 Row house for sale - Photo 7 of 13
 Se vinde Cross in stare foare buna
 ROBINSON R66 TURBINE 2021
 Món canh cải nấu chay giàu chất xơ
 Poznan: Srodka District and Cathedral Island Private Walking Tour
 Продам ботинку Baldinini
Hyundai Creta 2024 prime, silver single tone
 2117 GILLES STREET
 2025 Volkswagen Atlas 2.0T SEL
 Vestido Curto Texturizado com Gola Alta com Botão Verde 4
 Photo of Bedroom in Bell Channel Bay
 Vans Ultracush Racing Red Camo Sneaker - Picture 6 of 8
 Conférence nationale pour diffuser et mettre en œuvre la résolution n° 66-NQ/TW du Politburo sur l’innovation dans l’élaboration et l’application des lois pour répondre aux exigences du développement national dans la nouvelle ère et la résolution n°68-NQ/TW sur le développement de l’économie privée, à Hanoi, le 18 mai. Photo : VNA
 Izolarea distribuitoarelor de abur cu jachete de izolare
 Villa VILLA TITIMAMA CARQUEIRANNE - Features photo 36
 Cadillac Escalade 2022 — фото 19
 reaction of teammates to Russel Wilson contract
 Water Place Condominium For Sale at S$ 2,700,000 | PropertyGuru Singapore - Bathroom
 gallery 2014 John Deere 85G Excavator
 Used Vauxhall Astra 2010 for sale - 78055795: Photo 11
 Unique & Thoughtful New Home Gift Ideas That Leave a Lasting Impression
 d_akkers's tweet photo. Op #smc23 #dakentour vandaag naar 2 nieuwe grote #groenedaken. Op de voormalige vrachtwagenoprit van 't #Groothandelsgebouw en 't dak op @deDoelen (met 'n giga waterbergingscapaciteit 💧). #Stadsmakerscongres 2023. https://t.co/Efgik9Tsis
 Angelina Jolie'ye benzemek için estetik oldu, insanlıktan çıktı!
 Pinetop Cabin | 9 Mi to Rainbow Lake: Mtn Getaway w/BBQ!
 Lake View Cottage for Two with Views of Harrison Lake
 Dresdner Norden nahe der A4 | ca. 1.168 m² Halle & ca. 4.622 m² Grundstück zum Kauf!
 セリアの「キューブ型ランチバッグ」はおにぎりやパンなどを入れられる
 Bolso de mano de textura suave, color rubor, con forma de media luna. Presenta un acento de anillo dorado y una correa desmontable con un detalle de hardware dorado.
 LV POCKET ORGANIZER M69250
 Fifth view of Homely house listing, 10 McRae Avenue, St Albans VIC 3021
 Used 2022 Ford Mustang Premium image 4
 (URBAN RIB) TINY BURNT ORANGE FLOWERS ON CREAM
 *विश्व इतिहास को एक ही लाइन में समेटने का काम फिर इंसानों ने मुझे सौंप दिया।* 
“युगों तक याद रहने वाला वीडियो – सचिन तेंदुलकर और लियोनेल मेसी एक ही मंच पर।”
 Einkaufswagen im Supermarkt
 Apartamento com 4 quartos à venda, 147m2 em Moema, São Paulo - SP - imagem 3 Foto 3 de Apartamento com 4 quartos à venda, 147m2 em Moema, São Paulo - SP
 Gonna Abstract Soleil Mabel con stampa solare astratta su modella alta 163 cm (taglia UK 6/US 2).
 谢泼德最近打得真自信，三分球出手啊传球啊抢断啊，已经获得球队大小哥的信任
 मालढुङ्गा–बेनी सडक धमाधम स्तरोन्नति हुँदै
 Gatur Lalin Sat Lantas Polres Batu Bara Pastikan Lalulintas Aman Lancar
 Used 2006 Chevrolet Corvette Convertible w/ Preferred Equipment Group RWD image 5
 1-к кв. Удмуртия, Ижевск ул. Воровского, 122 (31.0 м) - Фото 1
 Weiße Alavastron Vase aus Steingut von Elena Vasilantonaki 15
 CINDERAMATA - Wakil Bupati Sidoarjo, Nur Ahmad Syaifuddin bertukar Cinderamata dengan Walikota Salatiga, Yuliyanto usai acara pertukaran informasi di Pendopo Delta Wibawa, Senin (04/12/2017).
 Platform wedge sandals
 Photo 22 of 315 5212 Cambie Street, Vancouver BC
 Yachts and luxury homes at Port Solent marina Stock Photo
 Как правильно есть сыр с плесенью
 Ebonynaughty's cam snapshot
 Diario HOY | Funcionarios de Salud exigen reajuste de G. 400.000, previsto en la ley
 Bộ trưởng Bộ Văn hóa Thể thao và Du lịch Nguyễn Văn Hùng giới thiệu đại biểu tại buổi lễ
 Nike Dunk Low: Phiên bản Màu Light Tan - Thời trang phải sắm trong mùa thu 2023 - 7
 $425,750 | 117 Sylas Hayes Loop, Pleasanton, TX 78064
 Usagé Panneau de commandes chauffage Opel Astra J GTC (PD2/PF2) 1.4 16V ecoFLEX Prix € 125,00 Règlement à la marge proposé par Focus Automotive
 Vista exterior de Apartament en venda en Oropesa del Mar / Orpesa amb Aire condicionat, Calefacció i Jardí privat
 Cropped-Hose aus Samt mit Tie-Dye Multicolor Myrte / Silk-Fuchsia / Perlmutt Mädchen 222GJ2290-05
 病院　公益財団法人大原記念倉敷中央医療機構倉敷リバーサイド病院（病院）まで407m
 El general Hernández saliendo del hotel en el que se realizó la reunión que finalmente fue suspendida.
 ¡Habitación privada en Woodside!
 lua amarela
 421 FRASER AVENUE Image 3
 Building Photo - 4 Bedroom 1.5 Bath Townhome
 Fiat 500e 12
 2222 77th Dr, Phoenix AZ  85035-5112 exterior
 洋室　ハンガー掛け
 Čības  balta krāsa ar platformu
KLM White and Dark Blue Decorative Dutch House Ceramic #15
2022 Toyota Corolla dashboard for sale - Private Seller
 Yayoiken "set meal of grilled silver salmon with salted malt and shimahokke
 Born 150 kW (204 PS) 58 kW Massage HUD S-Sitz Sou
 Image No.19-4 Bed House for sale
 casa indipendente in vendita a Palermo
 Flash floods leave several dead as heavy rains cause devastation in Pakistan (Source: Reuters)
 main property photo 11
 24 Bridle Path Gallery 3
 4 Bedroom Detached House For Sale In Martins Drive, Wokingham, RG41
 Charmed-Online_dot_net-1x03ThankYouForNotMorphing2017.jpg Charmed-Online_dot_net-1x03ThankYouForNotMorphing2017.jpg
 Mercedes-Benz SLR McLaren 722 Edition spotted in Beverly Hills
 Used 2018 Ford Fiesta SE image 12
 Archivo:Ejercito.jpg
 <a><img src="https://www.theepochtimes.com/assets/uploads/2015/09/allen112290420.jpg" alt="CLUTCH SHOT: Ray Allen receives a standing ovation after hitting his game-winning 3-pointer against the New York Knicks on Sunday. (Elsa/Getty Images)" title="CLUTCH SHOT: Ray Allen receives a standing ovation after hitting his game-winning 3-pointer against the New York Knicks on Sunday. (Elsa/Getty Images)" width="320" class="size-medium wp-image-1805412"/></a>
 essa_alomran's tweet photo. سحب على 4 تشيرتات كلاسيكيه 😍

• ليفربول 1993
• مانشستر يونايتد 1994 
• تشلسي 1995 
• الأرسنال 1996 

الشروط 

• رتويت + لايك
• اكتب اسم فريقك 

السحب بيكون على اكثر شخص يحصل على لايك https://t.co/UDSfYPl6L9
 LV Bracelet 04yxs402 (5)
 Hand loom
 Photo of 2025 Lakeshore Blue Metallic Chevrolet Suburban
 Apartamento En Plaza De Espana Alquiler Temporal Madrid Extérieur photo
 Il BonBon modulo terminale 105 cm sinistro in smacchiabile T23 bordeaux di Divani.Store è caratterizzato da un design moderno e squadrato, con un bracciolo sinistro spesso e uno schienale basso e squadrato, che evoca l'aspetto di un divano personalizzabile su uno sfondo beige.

+-------+

→ **EXERCISE INSTRUCTIONS**
Everything in the records is to be copied exactly.

→ **EXERCISE ANSWER**
 Row house for sale - Photo 7 of 13
 Se vinde Cross in stare foare buna
 ROBINSON R66 TURBINE 2021
 Món canh cải nấu chay giàu chất xơ
 Poznan: Srodka District and Cathedral Island Private Walking Tour
 Продам ботинку Baldinini
Hyundai Creta 2024 prime, silver single tone
 2117 GILLES STREET
 2025 Volkswagen Atlas 2.0T SEL
 Vestido Curto Texturizado com Gola Alta com Botão Verde 4
 Photo of Bedroom in Bell Channel Bay
 Vans Ultracush Racing Red Camo Sneaker - Picture 6 of 8
 Conférence nationale pour diffuser et mettre en œuvre la résolution n° 66-NQ/TW du Politburo sur l’innovation dans l’élaboration et l’application des lois pour répondre aux exigences du développement national dans la nouvelle ère et la résolution n°68-NQ/TW sur le développement de l’économie privée, à Hanoi, le 18 mai. Photo : VNA
 Izolarea distribuitoarelor de abur cu jachete de izolare
 Villa VILLA TITIMAMA CARQUEIRANNE - Features photo 36
 Cadillac Escalade 2022 — фото 19
 reaction of teammates to Russel Wilson contract
 Water Place Condominium For Sale at S$ 2,700,000 | PropertyGuru Singapore - Bathroom
 gallery 2014 John Deere 85G Excavator
 Used Vauxhall Astra 2010 for sale - 78055795: Photo 11
 Unique & Thoughtful New Home Gift Ideas That Leave a Lasting Impression
 d_akkers's tweet photo. Op #smc23 #dakentour vandaag naar 2 nieuwe grote #groenedaken. Op de voormalige vrachtwagenoprit van 't #Groothandelsgebouw en 't dak op @deDoelen (met 'n giga waterbergingscapaciteit 💧). #Stadsmakerscongres 2023. https://t.co/Efgik9Tsis
 Angelina Jolie'ye benzemek için estetik oldu, insanlıktan çıktı!
 Pinetop Cabin | 9 Mi to Rainbow Lake: Mtn Getaway w/BBQ!
 Lake View Cottage for Two with Views of Harrison Lake
 Dresdner Norden nahe der A4 | ca. 1.168 m² Halle & ca. 4.622 m² Grundstück zum Kauf!
 セリアの「キューブ型ランチバッグ」はおにぎりやパンなどを入れられる
 Bolso de mano de textura suave, color rubor, con forma de media luna. Presenta un acento de anillo dorado y una correa desmontable con un detalle de hardware dorado.
 LV POCKET ORGANIZER M69250
 Fifth view of Homely house listing, 10 McRae Avenue, St Albans VIC 3021
 Used 2022 Ford Mustang Premium image 4
 (URBAN RIB) TINY BURNT ORANGE FLOWERS ON CREAM
 *विश्व इतिहास को एक ही लाइन में समेटने का काम फिर इंसानों ने मुझे सौंप दिया।* 
“युगों तक याद रहने वाला वीडियो – सचिन तेंदुलकर और लियोनेल मेसी एक ही मंच पर।”
 Einkaufswagen im Supermarkt
 Apartamento com 4 quartos à venda, 147m2 em Moema, São Paulo - SP - imagem 3 Foto 3 de Apartamento com 4 quartos à venda, 147m2 em Moema, São Paulo - SP
 Gonna Abstract Soleil Mabel con stampa solare astratta su modella alta 163 cm (taglia UK 6/US 2).
 谢泼德最近打得真自信，三分球出手啊传球啊抢断啊，已经获得球队大小哥的信任
 मालढुङ्गा–बेनी सडक धमाधम स्तरोन्नति हुँदै
 Gatur Lalin Sat Lantas Polres Batu Bara Pastikan Lalulintas Aman Lancar
 Used 2006 Chevrolet Corvette Convertible w/ Preferred Equipment Group RWD image 5
 1-к кв. Удмуртия, Ижевск ул. Воровского, 122 (31.0 м) - Фото 1
 Weiße Alavastron Vase aus Steingut von Elena Vasilantonaki 15
 CINDERAMATA - Wakil Bupati Sidoarjo, Nur Ahmad Syaifuddin bertukar Cinderamata dengan Walikota Salatiga, Yuliyanto usai acara pertukaran informasi di Pendopo Delta Wibawa, Senin (04/12/2017).
 Platform wedge sandals
 Photo 22 of 315 5212 Cambie Street, Vancouver BC
 Yachts and luxury homes at Port Solent marina Stock Photo
 Как правильно есть сыр с плесенью
 Ebonynaughty's cam snapshot
 Diario HOY | Funcionarios de Salud exigen reajuste de G. 400.000, previsto en la ley
 Bộ trưởng Bộ Văn hóa Thể thao và Du lịch Nguyễn Văn Hùng giới thiệu đại biểu tại buổi lễ
 Nike Dunk Low: Phiên bản Màu Light Tan - Thời trang phải sắm trong mùa thu 2023 - 7
 $425,750 | 117 Sylas Hayes Loop, Pleasanton, TX 78064
 Usagé Panneau de commandes chauffage Opel Astra J GTC (PD2/PF2) 1.4 16V ecoFLEX Prix € 125,00 Règlement à la marge proposé par Focus Automotive
 Vista exterior de Apartament en venda en Oropesa del Mar / Orpesa amb Aire condicionat, Calefacció i Jardí privat
 Cropped-Hose aus Samt mit Tie-Dye Multicolor Myrte / Silk-Fuchsia / Perlmutt Mädchen 222GJ2290-05
 病院　公益財団法人大原記念倉敷中央医療機構倉敷リバーサイド病院（病院）まで407m
 El general Hernández saliendo del hotel en el que se realizó la reunión que finalmente fue suspendida.
 ¡Habitación privada en Woodside!
 lua amarela
 421 FRASER AVENUE Image 3
 Building Photo - 4 Bedroom 1.5 Bath Townhome
 Fiat 500e 12
 2222 77th Dr, Phoenix AZ  85035-5112 exterior
 洋室　ハンガー掛け
 Čības  balta krāsa ar platformu
KLM White and Dark Blue Decorative Dutch House Ceramic #15
2022 Toyota Corolla dashboard for sale - Private Seller
 Yayoiken "set meal of grilled silver salmon with salted malt and shimahokke
 Born 150 kW (204 PS) 58 kW Massage HUD S-Sitz Sou
 Image No.19-4 Bed House for sale
 casa indipendente in vendita a Palermo
 Flash floods leave several dead as heavy rains cause devastation in Pakistan (Source: Reuters)
 main property photo 11
 24 Bridle Path Gallery 3
 4 Bedroom Detached House For Sale In Martins Drive, Wokingham, RG41
 Charmed-Online_dot_net-1x03ThankYouForNotMorphing2017.jpg Charmed-Online_dot_net-1x03ThankYouForNotMorphing2017.jpg
 Mercedes-Benz SLR McLaren 722 Edition spotted in Beverly Hills
 Used 2018 Ford Fiesta SE image 12
 Archivo:Ejercito.jpg
 <a><img src="https://www.theepochtimes.com/assets/uploads/2015/09/allen112290420.jpg" alt="CLUTCH SHOT: Ray Allen receives a standing ovation after hitting his game-winning 3-pointer against the New York Knicks on Sunday. (Elsa/Getty Images)" title="CLUTCH SHOT: Ray Allen receives a standing ovation after hitting his game-winning 3-pointer against the New York Knicks on Sunday. (Elsa/Getty Images)" width="320" class="size-medium wp-image-1805412"/></a>
 essa_alomran's tweet photo. سحب على 4 تشيرتات كلاسيكيه 😍

• ليفربول 1993
• مانشستر يونايتد 1994 
• تشلسي 1995 
• الأرسنال 1996 

الشروط 

• رتويت + لايك
• اكتب اسم فريقك 

السحب بيكون على اكثر شخص يحصل على لايك https://t.co/UDSfYPl6L9
 LV Bracelet 04yxs402 (5)
 Hand loom
 Photo of 2025 Lakeshore Blue Metallic Chevrolet Suburban
 Apartamento En Plaza De Espana Alquiler Temporal Madrid Extérieur photo
 Il BonBon modulo terminale 105 cm sinistro in smacchiabile T23 bordeaux di Divani.Store è caratterizzato da un design moderno e squadrato, con un bracciolo sinistro spesso e uno schienale basso e squadrato, che evoca l'aspetto di un divano personalizzabile su uno sfondo beige.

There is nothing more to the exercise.